> **Directions**: Use the entries below and reproduce exactly the lines from the one containing "棋魂 第12卷 第52页" down to the one containing "[调研报告] 医院人才队伍建设 - Z医院人才队伍建设现状及对策分析.docx_第2页", both of them included.

> **Data for review**:
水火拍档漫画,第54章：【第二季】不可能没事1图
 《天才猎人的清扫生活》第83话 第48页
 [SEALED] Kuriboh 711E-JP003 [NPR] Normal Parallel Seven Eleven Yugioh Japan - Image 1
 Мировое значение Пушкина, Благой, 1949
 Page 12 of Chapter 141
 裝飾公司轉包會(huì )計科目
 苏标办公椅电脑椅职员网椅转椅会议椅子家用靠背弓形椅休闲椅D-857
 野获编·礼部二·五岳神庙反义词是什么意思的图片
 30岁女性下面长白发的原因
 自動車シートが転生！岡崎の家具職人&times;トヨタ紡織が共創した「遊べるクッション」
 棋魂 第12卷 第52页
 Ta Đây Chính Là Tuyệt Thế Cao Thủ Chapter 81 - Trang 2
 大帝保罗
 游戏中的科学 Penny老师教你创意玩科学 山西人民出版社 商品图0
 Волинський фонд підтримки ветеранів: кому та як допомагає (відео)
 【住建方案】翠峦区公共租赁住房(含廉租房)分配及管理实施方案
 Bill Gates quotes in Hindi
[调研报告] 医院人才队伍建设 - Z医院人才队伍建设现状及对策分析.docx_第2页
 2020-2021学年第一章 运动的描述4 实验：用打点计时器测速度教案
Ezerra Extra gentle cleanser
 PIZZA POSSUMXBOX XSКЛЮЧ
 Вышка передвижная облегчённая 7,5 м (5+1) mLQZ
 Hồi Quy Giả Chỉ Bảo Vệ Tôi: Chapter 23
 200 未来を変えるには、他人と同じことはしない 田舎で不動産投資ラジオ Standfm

> **Expected output**:
 棋魂 第12卷 第52页
 Ta Đây Chính Là Tuyệt Thế Cao Thủ Chapter 81 - Trang 2
 大帝保罗
 游戏中的科学 Penny老师教你创意玩科学 山西人民出版社 商品图0
 Волинський фонд підтримки ветеранів: кому та як допомагає (відео)
 【住建方案】翠峦区公共租赁住房(含廉租房)分配及管理实施方案
 Bill Gates quotes in Hindi
[调研报告] 医院人才队伍建设 - Z医院人才队伍建设现状及对策分析.docx_第2页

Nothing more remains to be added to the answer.